Hear top geometers! Edinburgh, December 6

Yujiro Kawamata (Tokyo) and Yum-Tong Siu (Harvard) will speak in Edinburgh on Monday, December 6th, at a meeting of the London Mathematical Society. Limited funds are available to contribute to the expenses of members of the LMS or research students to attend the meeting. Contact Isabelle Robinson <isabelle.robinson@lms.ac.uk> for information.

This should be an interesting afternoon. Kawamata will speak on the abundance conjecture, perhaps the main open problem in birational geometry. Siu, the second speaker, has strongly suggested that he can prove this conjecture by analytic techniques.

Schedule and location
15.00  Tea and coffee
15.30-16.20  Yujiro Kawamata, Survey of the Abundance Conjecture
16.30-17.20  Yum-Tong Siu, Recent and Historical Analytic Techniques for Algebro-geometric Problems
18.00  Wine reception

UPDATE: I believe these talks are now taking place at the ICMS, 15 South College Street, Edinburgh EH8 9AA. Directions: here.
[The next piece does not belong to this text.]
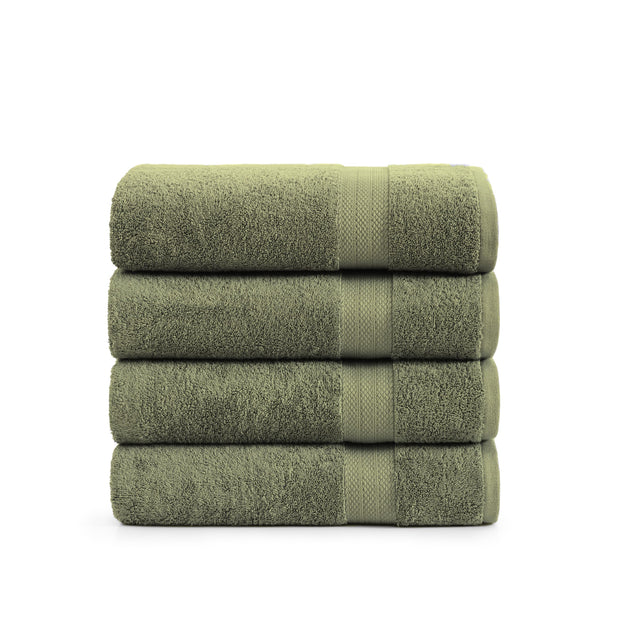 LANE LINEN 100% Cotton Zero Twist, Bath Towels (28"x54") - 4 Pieces - Large Towels for Bathroom - Quick Drying, Soft & Absorbent Large Shower Towel Set - Used in Gym, Hotel, Spa, Home - Living Coral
This LMS meeting is part of the first day of a conference on Birational Geometry organized by Caucher Birkar and Ivan Cheltsov, taking place 6-10 December at the Institute of Geography, Drummond Street, Edinburgh EH8 9XP (Google map: here). See details for the entire conference: here.


Filed under LMS, travel

2 responses to “Hear top geometers! Edinburgh, December 6

  1. Artie Prendergast-Smith

    Dear Burt,

    The natural order of conjectures in birational geometry seems to be the minimal model conjecture first, abundance second. Could you explain why abundance is nevertheless regarded as a more important problem than the minimal model conjecture?

    Best wishes,

    • Burt Totaro

      Well, it’s only a blog, so I’ll take “why abundance is … regarded” as meaning “why you regard abundance….” To justify what I said, note that the “classification of surfaces” on which MMP is modeled crucially involves abundance. For example, a key fact is that a (minimal) surface with Kodaira dimension 1 is an elliptic surface; if we didn’t know that, we could hardly say that we understood surfaces of Kodaira dimension 1.

      There are a few more justifications. Historically, abundance has been a harder problem than existence of minimal models. For example, we know existence of minimal models in dimension 4, but not abundance. Finally, Caucher Birkar showed that even weak versions of abundance imply the existence of minimal models (see “On existence of log minimal models II”, for example).